His central point appears to be (his shout, not mine) THIS MAY IMPLY
THAT THAT THERE ARE SOME POINTS ON OUR CURVE THAT NO COMBINATION OF
EXOGENOUS-VARIABLE SETTINGS COULD EVER GET US TO. BUT SO WHAT? SUCH POINTS
WILL NOT BE MISLEADING, BECAUSE THEY WILL NEVER BE SELECTED AS PART OF THE
MODEL'S SOLUTION. THIS IS NO DIFFERENT WITH THE AGGREGATE DEMAND CURVE ... IN GENERAL, NOTHING [would happen to AS if P were cut in half, M held constant] ... THE MODELS ARE CONSTRUCTED ON THE BASIS OF ASSUMING THAT SUCH ISOLATION [of AD and AS curves] IS EFFECTIVE IN A (sic) PARTICULAR CASES.
The textbooks mislead students because a "solution" which involves an instantaneous doubling of M/P would be non-sustainable (forces would be set up to push the economy away from that position).
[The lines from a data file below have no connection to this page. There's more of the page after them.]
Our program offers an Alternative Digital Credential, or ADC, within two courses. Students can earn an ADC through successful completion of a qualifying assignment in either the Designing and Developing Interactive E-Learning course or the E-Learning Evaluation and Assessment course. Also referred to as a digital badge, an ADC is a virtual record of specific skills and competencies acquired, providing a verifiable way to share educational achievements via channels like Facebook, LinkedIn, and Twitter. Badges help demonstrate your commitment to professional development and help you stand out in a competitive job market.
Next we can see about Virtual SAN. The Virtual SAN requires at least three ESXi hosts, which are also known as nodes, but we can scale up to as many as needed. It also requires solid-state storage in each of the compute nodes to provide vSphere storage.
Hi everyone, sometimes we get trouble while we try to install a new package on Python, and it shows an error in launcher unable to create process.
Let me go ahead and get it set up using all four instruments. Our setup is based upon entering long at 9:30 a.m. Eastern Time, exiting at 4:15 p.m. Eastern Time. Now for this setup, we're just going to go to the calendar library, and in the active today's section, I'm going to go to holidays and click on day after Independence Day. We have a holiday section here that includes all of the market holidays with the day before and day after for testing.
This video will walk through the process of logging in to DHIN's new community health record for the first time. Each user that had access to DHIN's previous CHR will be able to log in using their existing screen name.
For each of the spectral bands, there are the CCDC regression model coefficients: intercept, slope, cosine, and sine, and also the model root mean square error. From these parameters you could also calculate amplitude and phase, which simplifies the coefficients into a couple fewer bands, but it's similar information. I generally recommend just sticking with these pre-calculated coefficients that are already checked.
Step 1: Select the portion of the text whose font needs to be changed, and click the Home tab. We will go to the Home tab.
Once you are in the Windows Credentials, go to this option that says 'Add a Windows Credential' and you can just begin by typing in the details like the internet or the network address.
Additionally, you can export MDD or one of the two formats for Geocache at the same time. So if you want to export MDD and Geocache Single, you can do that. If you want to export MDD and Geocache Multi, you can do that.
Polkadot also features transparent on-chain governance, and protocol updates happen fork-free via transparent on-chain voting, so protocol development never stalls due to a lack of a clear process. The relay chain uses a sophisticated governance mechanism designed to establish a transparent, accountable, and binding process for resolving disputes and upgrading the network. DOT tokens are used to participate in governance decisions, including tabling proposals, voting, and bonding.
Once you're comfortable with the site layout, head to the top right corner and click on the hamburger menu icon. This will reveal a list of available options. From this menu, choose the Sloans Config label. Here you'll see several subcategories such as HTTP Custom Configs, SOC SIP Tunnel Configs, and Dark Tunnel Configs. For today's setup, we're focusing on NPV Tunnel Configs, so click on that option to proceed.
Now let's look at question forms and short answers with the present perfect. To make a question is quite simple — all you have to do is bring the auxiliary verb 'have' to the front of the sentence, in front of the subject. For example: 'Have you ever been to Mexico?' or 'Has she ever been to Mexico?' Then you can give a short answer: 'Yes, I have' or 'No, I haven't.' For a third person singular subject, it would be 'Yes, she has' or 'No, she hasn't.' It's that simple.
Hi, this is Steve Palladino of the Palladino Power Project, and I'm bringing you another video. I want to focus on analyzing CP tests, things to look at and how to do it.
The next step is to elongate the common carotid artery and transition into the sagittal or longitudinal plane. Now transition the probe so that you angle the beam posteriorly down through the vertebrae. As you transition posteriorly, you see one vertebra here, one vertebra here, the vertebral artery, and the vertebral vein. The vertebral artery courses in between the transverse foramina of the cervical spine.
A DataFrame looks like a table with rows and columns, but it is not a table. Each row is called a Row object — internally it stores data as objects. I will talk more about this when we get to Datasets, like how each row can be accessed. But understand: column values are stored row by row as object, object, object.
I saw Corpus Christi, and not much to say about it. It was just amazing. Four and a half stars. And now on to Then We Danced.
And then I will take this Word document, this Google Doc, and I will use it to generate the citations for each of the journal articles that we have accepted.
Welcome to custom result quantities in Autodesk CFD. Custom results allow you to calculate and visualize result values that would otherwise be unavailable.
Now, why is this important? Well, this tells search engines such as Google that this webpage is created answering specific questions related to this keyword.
Not only would such points "never be selected as part of the model's solution" they are not a sensible way to think about macro. Therefore the textbooks should only derive an AD curve that corresponds to feasible M/P levels (or label the non-feasible sections, not AD, but MADD, Macroeconomic Attention Deficit Disorder, or "gravity-defying science fiction").
Are textbook writers entitled to assume that AD and AS curves have an independent existence? It certainly complicated matters to assume otherwise (e.g. SRPC and LRPC curves in hysteresis models); but since M is held constant as P changes along only one of these 2 curves (AD but not necessarily AS), those who think it is legitimate to derive AD curve with fantasy levels of M/P invite the question: what would happen to AS if the "solution" occured in one of the MADD zones?
Such AD "always and everywhere legitimate" advocates also invite questions about the second-round expectational feedback consequences (for an AS curve) of an AS shock (a new M/P associated with the new AD=AS "solution").